⟨
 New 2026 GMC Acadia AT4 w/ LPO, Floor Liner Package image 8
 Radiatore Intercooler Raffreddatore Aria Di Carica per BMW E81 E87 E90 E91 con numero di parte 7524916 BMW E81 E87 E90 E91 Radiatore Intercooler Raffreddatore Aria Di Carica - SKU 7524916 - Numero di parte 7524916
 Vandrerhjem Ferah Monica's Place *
⟩
⟨
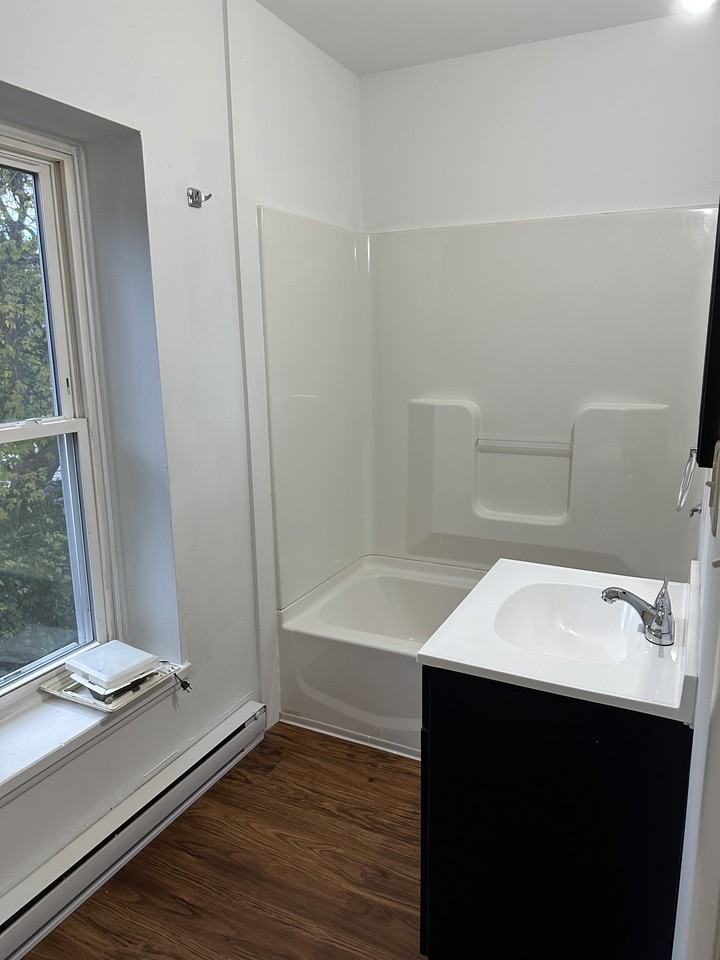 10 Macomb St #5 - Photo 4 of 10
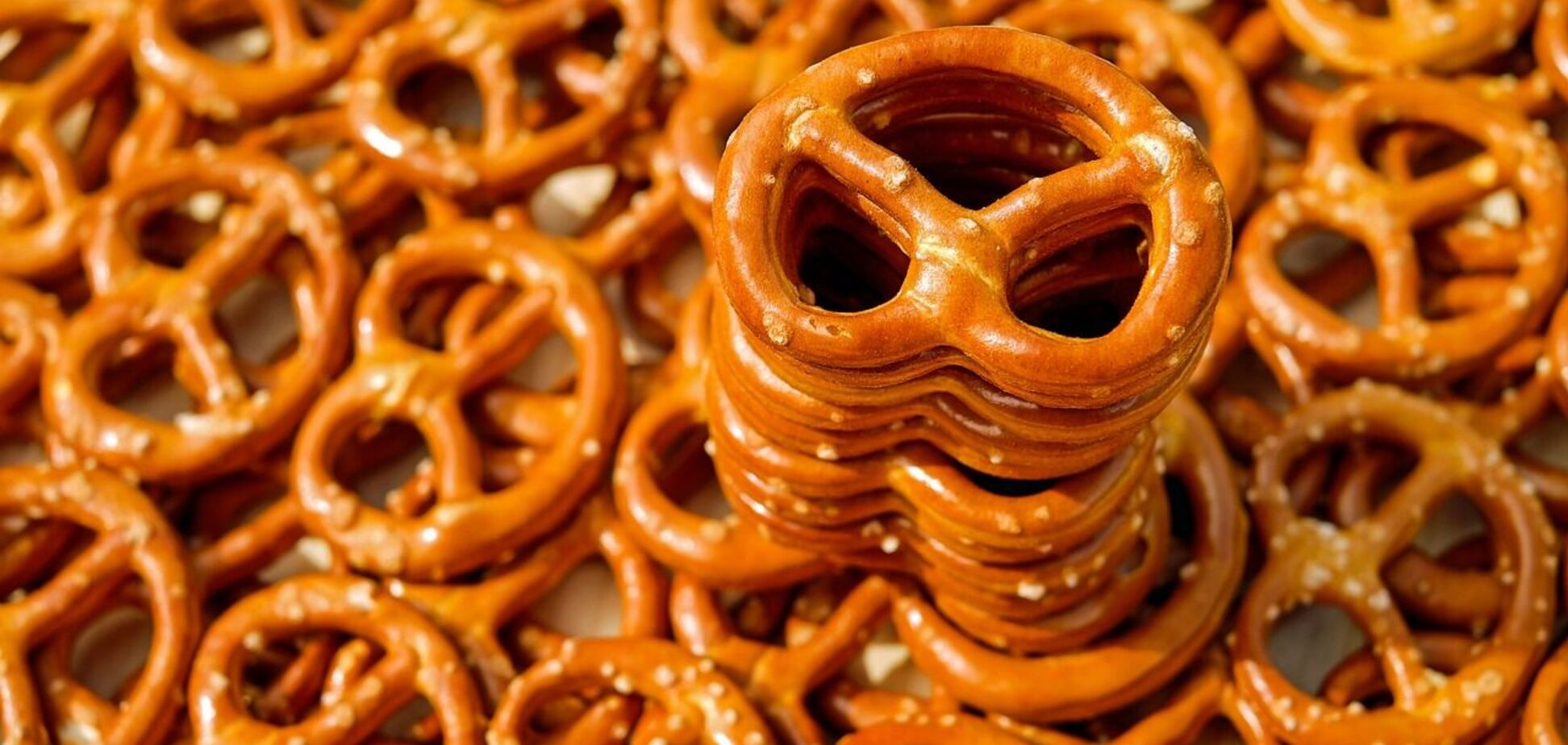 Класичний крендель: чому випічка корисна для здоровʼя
⟩
⟨
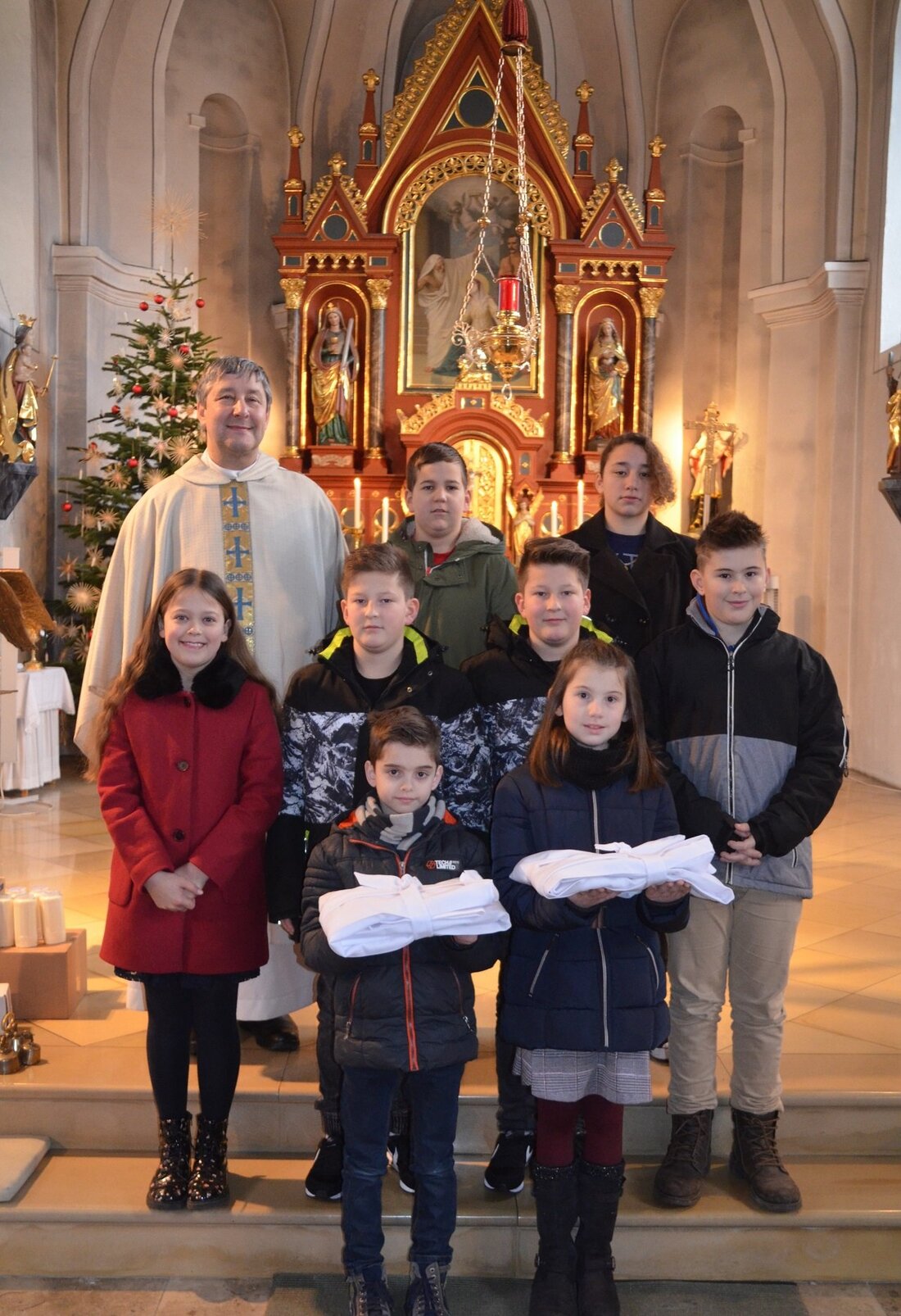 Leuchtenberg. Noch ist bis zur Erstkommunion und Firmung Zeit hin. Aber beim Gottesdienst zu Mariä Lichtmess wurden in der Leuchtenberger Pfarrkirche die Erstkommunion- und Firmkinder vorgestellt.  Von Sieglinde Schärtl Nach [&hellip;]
⟩
» What to produce:
With the pictures omitted, print the lines above exactly, beginning at the line with "10 Macomb St #5 - Photo 4 of 10" and going on through the line with "Класичний крендель: чому".

» Your solution:
 10 Macomb St #5 - Photo 4 of 10
 Класичний крендель: чому випічка корисна для здоровʼя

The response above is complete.